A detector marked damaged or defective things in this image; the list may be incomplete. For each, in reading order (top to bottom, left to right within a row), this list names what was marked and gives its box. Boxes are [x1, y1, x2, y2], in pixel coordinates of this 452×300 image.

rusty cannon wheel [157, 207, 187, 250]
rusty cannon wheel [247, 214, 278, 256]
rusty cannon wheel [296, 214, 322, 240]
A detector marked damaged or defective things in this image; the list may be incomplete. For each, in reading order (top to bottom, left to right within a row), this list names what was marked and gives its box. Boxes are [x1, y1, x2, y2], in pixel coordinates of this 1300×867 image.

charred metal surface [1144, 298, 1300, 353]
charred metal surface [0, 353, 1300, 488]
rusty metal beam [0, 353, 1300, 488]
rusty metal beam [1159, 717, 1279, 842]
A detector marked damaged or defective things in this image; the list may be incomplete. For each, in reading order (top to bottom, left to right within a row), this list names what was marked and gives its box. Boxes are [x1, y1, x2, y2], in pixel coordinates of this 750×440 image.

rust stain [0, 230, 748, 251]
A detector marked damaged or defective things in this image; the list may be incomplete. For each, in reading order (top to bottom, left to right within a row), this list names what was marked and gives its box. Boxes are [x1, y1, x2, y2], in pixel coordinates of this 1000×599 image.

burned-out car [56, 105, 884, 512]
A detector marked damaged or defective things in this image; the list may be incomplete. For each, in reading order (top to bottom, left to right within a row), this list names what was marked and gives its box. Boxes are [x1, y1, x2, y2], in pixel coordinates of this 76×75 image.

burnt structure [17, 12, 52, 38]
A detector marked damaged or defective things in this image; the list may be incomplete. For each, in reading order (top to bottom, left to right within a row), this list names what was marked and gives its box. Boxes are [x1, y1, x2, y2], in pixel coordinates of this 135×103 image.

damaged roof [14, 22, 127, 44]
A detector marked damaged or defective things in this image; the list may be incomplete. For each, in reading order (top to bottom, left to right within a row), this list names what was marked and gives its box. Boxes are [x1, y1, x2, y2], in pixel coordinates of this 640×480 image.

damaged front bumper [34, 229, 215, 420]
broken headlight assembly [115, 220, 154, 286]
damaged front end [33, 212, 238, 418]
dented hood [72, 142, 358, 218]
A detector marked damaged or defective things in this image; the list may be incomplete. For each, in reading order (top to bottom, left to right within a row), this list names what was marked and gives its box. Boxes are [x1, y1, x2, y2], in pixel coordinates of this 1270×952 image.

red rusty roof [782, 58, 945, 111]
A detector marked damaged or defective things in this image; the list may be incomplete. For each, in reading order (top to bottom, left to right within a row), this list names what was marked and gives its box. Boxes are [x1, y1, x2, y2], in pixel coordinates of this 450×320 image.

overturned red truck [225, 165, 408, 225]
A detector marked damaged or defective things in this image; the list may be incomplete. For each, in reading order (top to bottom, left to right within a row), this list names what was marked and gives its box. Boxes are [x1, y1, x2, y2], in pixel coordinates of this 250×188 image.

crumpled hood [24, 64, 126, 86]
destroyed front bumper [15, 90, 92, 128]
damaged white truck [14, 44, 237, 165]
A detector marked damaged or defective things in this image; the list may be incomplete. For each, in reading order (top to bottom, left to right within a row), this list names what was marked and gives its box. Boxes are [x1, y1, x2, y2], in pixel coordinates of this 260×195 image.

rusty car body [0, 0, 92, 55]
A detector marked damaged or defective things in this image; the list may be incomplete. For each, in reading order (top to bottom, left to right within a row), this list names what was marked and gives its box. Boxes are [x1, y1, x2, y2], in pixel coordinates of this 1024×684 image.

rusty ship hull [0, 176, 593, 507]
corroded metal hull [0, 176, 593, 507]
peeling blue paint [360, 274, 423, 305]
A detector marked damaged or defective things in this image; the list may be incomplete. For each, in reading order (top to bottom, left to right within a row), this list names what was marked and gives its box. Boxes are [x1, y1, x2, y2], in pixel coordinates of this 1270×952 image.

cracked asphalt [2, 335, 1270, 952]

--------------------------------

Which lines run from the one containing "this 1024×684 image." to the end of the data? Output them exactly, with nothing added.

A detector marked damaged or defective things in this image; the list may be incomplete. For each, in reading order (top to bottom, left to right within a row), this list names what was marked and gives its box. Boxes are [x1, y1, x2, y2], in pixel coordinates of this 1024×684 image.

rusty ship hull [0, 176, 593, 507]
corroded metal hull [0, 176, 593, 507]
peeling blue paint [360, 274, 423, 305]
A detector marked damaged or defective things in this image; the list may be incomplete. For each, in reading order (top to bottom, left to right within a row), this list names what was marked and gives its box. Boxes are [x1, y1, x2, y2], in pixel coordinates of this 1270×952 image.

cracked asphalt [2, 335, 1270, 952]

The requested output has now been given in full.